Psalms 16:9-11 (ESV)
Therefore my heart is glad, and my whole being rejoices; my flesh also dwells secure. For you will not abandon my soul to Sheol, or let your holy one see corruption. You make known to me the path of life; in your presence there is fullness of joy; at your right hand are pleasures forevermore.
The previous Psalms spoke of Christ’s coming, and this remarkable Psalm speaks of His death and resurrection:
That he should be brought through his sufferings, and brought from under the power of death by a glorious resurrection.
(1.) That his soul should not be left in hell, that is, his human spirit should not be long left, as other men’s spirits are, in a state of separation from the body, but should, in a little time, return and be re-united to it, never to part again.
(2.) That being God’s holy One in a peculiar manner, sanctified to the work of redemption and perfectly free from sin, he should not see corruption nor feel it.
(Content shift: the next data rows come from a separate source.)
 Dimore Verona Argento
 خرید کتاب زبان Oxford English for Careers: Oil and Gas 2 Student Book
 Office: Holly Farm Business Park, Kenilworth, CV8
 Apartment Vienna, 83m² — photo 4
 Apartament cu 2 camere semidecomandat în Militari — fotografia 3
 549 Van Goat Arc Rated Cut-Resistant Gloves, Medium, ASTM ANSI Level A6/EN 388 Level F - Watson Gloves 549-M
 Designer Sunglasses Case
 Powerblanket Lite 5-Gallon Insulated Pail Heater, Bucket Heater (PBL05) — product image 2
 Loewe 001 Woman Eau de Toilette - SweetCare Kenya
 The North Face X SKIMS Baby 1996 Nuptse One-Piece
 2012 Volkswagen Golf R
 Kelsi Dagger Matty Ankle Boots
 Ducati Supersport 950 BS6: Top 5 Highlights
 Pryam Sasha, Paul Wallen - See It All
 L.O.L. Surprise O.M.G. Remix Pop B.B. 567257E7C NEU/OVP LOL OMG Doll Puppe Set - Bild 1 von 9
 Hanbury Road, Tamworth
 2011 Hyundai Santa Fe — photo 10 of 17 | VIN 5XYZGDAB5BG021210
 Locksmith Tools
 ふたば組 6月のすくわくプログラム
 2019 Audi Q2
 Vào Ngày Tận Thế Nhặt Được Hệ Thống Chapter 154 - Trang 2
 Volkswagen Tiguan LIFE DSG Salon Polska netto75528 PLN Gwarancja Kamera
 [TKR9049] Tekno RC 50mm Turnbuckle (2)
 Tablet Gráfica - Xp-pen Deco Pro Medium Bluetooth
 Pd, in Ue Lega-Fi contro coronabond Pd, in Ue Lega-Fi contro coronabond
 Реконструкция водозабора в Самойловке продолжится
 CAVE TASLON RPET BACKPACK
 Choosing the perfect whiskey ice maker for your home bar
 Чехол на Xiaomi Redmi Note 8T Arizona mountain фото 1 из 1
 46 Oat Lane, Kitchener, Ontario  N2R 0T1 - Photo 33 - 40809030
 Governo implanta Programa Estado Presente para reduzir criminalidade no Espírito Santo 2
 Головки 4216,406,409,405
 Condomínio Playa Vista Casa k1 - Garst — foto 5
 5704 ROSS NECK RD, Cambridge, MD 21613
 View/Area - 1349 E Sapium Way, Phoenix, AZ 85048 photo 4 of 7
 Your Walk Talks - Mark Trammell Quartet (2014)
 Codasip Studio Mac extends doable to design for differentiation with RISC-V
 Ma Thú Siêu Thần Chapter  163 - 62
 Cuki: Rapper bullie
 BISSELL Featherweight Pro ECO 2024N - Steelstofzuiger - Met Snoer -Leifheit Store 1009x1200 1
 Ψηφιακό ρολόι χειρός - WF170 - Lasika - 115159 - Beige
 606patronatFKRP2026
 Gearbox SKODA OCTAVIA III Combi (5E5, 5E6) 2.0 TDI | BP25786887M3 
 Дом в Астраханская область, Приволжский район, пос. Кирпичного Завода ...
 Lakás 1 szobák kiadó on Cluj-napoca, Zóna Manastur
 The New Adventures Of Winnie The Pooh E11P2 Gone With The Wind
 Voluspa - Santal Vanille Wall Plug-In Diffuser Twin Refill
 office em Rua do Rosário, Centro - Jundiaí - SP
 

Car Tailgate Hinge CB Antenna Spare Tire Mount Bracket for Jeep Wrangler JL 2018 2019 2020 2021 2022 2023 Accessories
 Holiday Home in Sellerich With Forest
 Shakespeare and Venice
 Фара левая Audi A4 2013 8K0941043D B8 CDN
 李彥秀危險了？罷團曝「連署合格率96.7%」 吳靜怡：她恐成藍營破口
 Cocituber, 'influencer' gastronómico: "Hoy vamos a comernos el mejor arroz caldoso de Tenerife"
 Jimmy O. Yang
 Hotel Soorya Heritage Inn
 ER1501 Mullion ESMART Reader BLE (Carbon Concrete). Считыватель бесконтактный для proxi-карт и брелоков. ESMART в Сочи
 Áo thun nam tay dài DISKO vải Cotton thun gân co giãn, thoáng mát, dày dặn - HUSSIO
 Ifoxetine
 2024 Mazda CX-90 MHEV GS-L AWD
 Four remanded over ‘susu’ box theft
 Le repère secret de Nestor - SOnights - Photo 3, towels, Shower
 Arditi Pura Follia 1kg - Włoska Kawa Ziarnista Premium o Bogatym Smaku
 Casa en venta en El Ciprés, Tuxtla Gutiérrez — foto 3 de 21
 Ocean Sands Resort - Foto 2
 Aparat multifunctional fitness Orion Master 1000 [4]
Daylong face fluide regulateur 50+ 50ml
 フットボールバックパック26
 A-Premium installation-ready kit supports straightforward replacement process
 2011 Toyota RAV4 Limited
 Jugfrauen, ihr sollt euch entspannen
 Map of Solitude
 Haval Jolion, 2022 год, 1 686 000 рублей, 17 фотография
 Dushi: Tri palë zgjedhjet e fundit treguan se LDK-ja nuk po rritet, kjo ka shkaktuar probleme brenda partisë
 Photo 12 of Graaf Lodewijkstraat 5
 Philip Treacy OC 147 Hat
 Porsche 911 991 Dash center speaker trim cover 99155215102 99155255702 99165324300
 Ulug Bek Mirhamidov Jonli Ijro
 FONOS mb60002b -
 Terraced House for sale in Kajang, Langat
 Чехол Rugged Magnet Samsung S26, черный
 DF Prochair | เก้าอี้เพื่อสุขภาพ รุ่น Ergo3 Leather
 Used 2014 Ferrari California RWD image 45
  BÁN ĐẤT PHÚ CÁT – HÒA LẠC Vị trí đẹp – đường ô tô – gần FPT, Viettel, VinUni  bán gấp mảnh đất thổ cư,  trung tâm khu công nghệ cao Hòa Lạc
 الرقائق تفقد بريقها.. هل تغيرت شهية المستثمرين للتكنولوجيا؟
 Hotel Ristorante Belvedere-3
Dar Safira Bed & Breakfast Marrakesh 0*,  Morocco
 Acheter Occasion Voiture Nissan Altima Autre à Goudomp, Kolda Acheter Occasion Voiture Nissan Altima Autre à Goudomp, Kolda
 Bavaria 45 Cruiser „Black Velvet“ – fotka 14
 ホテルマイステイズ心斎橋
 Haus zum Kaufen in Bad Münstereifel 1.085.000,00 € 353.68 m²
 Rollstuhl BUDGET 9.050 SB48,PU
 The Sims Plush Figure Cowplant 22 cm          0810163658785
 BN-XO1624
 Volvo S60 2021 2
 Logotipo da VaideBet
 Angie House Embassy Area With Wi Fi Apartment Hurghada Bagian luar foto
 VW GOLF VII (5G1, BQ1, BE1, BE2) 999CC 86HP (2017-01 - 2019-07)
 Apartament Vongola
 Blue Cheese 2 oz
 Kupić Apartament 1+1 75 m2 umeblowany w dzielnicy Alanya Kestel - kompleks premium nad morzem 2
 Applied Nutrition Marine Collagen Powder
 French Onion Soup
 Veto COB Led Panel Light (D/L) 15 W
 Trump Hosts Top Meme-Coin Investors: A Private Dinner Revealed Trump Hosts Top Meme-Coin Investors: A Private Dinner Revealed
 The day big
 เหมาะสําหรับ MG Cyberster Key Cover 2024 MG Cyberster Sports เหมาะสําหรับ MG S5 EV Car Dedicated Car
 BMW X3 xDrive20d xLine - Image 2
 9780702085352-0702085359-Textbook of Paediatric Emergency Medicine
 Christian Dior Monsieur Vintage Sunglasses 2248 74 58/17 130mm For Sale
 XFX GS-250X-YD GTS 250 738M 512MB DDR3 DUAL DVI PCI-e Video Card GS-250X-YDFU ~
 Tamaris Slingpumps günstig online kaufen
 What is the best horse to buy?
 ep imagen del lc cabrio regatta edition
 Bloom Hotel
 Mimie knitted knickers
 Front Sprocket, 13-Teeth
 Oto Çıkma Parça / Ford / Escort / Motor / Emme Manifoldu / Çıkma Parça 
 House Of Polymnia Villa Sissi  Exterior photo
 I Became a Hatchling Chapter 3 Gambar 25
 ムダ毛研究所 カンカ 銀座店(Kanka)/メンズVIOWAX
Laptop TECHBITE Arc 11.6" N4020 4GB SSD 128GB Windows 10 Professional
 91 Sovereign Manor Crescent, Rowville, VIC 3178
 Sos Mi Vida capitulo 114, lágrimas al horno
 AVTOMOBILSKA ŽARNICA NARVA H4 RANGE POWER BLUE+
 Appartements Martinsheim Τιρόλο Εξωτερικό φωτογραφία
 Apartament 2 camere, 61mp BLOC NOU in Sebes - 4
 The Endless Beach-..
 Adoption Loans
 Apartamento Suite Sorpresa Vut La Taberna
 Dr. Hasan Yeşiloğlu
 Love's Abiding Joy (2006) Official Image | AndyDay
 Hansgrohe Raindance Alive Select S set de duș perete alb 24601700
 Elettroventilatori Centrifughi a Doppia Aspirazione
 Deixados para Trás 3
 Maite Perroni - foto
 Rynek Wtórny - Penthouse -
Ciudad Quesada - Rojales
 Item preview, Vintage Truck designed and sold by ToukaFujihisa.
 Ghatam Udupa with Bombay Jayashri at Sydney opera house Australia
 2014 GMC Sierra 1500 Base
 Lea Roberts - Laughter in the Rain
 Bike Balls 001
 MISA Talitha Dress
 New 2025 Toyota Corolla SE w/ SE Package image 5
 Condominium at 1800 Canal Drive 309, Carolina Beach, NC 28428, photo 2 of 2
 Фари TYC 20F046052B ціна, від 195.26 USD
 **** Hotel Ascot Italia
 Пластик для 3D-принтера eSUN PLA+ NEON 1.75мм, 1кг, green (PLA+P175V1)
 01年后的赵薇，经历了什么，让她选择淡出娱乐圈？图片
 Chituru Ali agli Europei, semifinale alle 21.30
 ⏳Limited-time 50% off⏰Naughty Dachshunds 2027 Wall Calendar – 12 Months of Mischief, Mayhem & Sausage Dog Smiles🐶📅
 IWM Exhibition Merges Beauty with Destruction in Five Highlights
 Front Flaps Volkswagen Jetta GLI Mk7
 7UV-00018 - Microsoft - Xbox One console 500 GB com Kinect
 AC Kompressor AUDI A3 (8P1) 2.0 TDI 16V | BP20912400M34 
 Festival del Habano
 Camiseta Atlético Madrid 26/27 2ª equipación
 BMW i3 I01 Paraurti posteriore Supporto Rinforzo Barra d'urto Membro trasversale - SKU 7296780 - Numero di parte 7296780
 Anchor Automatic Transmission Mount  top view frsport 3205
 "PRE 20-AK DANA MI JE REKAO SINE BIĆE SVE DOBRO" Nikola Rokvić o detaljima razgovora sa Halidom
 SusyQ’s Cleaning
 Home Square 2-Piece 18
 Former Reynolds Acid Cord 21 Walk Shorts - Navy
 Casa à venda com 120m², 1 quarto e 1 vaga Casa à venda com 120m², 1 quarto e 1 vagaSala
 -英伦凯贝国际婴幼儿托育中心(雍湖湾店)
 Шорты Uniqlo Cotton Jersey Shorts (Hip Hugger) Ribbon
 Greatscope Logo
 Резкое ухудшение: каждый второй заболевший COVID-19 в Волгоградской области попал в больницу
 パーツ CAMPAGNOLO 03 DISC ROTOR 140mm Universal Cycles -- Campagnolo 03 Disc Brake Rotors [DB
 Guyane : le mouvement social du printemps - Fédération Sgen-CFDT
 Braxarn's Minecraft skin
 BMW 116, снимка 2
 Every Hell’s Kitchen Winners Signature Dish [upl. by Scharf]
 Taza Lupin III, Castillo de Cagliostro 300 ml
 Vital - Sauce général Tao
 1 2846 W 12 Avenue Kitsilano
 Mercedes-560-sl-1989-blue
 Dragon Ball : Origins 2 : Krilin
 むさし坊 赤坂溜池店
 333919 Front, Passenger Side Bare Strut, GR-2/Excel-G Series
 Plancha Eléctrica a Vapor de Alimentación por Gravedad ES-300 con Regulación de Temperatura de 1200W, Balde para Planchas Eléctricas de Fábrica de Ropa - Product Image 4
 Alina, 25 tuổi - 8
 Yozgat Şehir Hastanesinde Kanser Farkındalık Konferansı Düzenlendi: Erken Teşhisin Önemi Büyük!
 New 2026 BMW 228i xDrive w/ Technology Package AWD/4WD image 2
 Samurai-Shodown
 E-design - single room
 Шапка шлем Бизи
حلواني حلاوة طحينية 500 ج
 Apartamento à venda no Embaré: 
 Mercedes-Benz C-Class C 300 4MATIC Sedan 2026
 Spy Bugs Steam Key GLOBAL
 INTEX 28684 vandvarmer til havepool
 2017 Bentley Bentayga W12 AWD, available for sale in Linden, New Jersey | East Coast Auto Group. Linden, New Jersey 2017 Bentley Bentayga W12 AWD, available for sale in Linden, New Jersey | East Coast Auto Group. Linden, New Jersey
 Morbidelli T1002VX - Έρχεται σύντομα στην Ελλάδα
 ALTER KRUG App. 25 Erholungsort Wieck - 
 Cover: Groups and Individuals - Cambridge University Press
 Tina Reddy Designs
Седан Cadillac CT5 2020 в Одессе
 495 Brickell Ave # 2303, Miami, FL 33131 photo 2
This implies that he should not only be raised from the grave, but raised so soon that his dead body should not so much as being to corrupt, which, in the course of nature, it would have done if it had not been raised the third day. We, who have so much corruption in our souls, must expect that our bodies also will corrupt (Job 24:19); but that holy One of God who knew no sin saw no corruption. Under the law it was strictly ordered that those parts of the sacrifices which were not burnt upon the altar should by no means be kept till the third day, lest they should putrefy (Leviticus 7:15, 18), which perhaps pointed at Christ’s rising the third day, that he might not see corruption-neither was a bone of him broken.
—Matthew Henry’s Commentary
As you look ahead to Christmas, the birth of Jesus Christ, do you also recognize and believe in His resurrection from the dead? What role does that play in your life? Are you filled with a sense of hope for the future?